I know this may not be the best way to implement a queue with heartbeat, but it seems like there should be something I can do to rescue a canister in this state. Current best idea is wait for the canister to run really low on cycles (at the freezing threshold) and then regain control of the canister.

Any other thoughts/ideas?

2 Likes

Upgrade the canister to remove the heartbeat function?

Tried it. Can’t upgrade the canister. Got this error:

error: code 5, message: "Canister 4fcza-biaaa-aaaah-abi4q-cai trapped explicitly: canister_pre_upgrade attempted with outstanding message callbacks (try stopping the canister before upgrade)"

Under “Canister Status”, the spec says this:

In all cases, calls to the management canister are processed, regardless of the state of the managed canister.

The management canister is the one that can install
code and perform upgrades.

1 Like

I guess using one way functions would have prevented this. That doesn’t help now though.

1 Like

Depending on the data involved, maybe you can reinstall instead of upgrade. You would lose all state though.

Not sure there’s much benefit to reinstalling over uninstalling other than I don’t remember if dfx has a command to uninstall.

Yeah, we really need to preserve state, so hoping to not have to uninstall/reinstall

What’s the nature of the failure with processing the queue?
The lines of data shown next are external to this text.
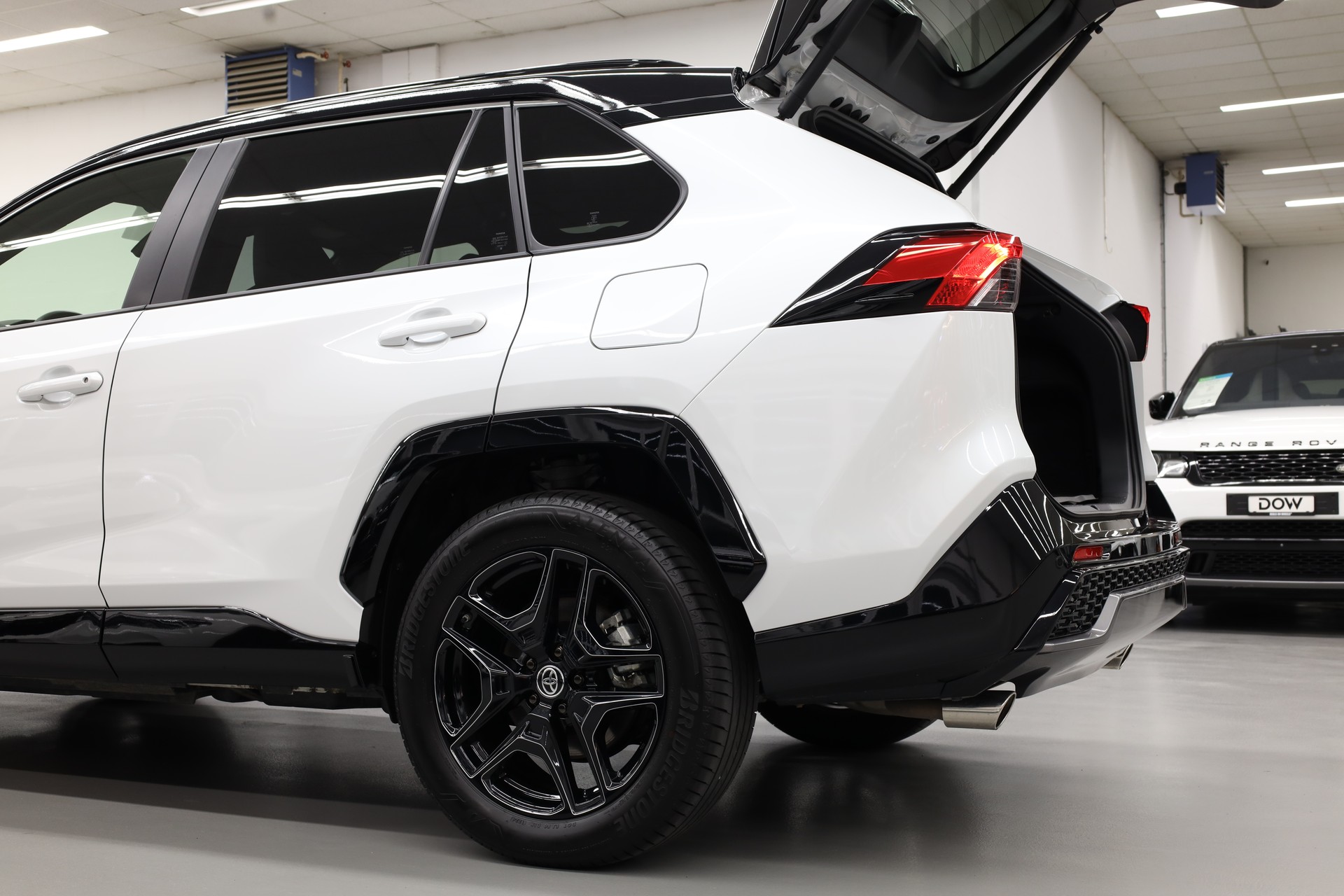 TOYOTA RAV-4 2.5 HEV GR Sport e-CVT 4WD-image-11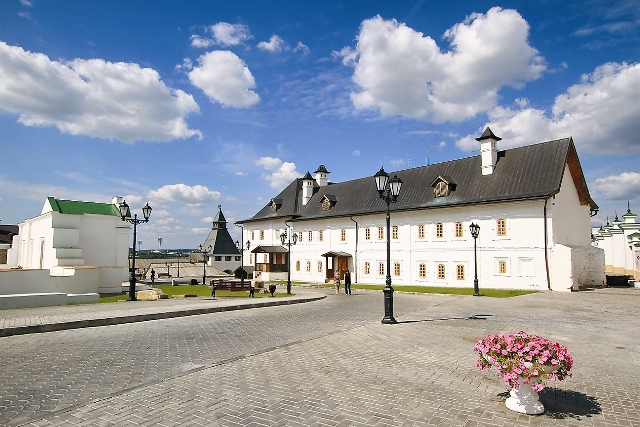 Спасо-Преображенский монастырь. Здание братского корпуса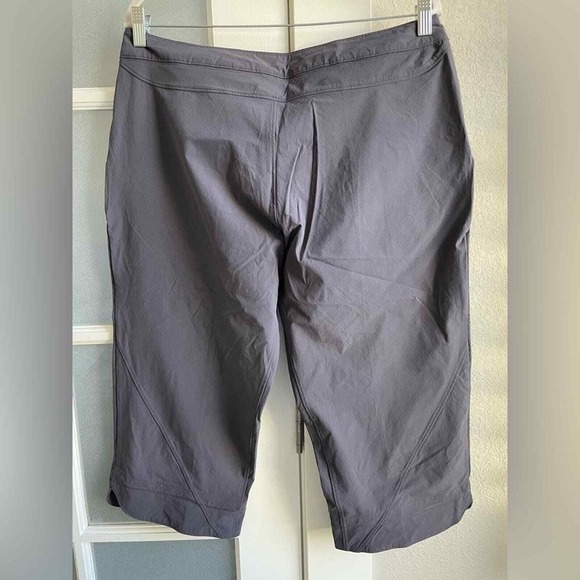 Golite- Women's Outdoor Fitness Tech Multi Pocket Capri Pants - Size‎ 10 - Gray - Picture 3 of 6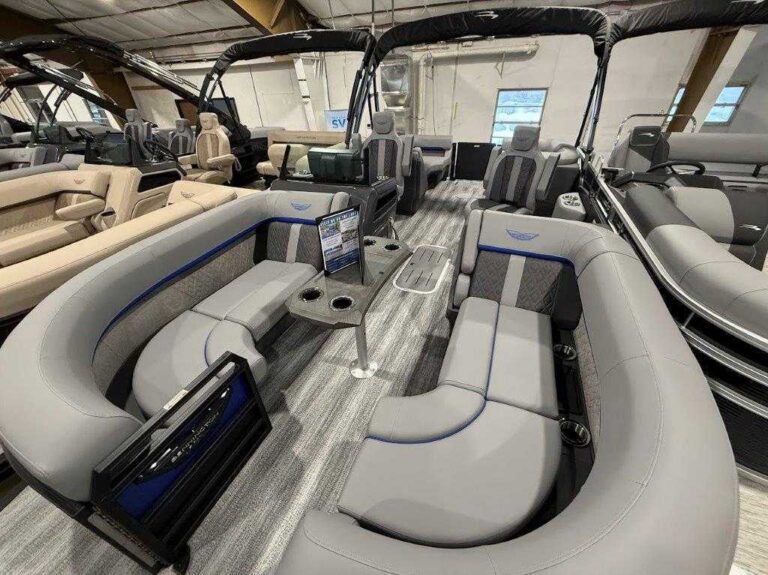 2026 Bennington 22MFB - SPS - Blackout US-ETWC6648J526 [photo 3]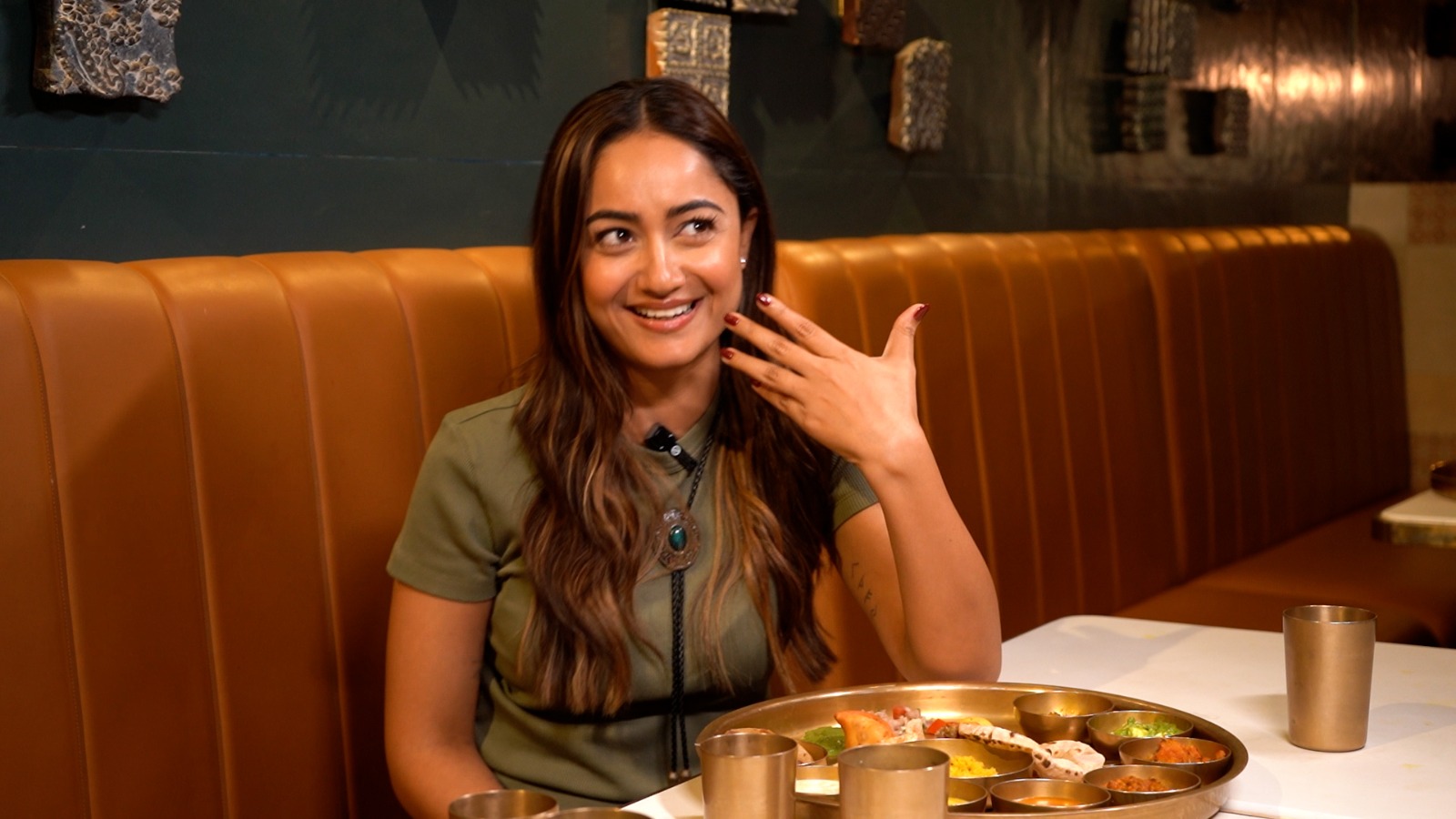 लोकेशन: महाराजा भोग रेस्टोरेंट जुहू, मुंबई।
Does the queue live in another canister?

I’m wondering if you can upgrade that instead to address the problem from that side.

Queue lives on the same canister, so can’t upgrade on that side either

Does canister_pre_upgrade here only mean there’s a pre_upgrade function defined in your code?

If so, what happens if you remove both that and the heartbeat function and then try to upgrade using that?

1 Like

If that doesn’t work, you should be able to downgrade the Motoko compiler to a version before this pull request and recompile your canister using that.

When you upgrade again you won’t get the canister_pre_upgrade error.

3 Likes

If downgrading is problematic you should be able to remove the relevant lines of code and build the Motoko compiler yourself.

I could do that and send you a build if you can tell me which version you’re using.

I’d also need to know some info on your system architecture. I’m on an M1 MacBook Pro so a similar device would be the most convenient. I also have a Linux VM that I can probably use if necessary.

Let me ping folks internally to see if anyone has any other ideas

Seems to me it is better if the heartbeat stops waking up as soon as the canister is put into the stopping mode.

1 Like

Hey Paul, I’m working with Bob through this issue. The canister is controlled by my default identity on dfx.

Also, I have a M1, but mine is a MacBook Air 2022, running dfx 0.9.3. Any clue on how to re-build the motoko compiler and use it instead of my current compiler?

Your help is much appreciated.

It required some non-trivial tweaks but I did a custom build of Motoko recently using a variation of the branch linked here: nix-shell failure · Issue #3041 · dfinity/motoko · GitHub

I should easily be able to do a build of 0.9.3 that removes the trap in the pre upgrade hook based on that. You’d be trusting that I’m not doing anything malicious in a build I send you though.

If you want to try it yourself and you’re familiar with nix, using GitHub - ninegua/ic-nix: Build Internet Computer projects with Nix might be easier. Then it would be a case of following the instructions here: motoko/Building.md at master · dfinity/motoko · GitHub

The pre-upgrade hook gets run on the module that is already running in the canister. only the post-upgrade hook is called on the new module. There is no way to upgrade the canister if the pre-upgrade hook fails. The motoko code that traps is in the pre-upgrade hook. the only way to upgrade that canister (without reinstalling or uninstalling) is to stop all the pending callbacks. If the heartbeat keeps waking up when the canister is stopping that seems like a bug to me.

3 Likes

That would make sense.

In that case the only way to address this might be to propose a change to the way heartbeat works and wait for that to land.

1 Like

In any case, I think the following error message should be reformatted to avoid this issue in the future:

Error: The Replica returned an error: code 5, message: "Canister <canister_id> trapped explicitly: canister_pre_upgrade attempted with outstanding message callbacks (try stopping the canister before upgrade)"

Maybe include a clause to not try the stop the canister if the user is using heartbeat in the current state?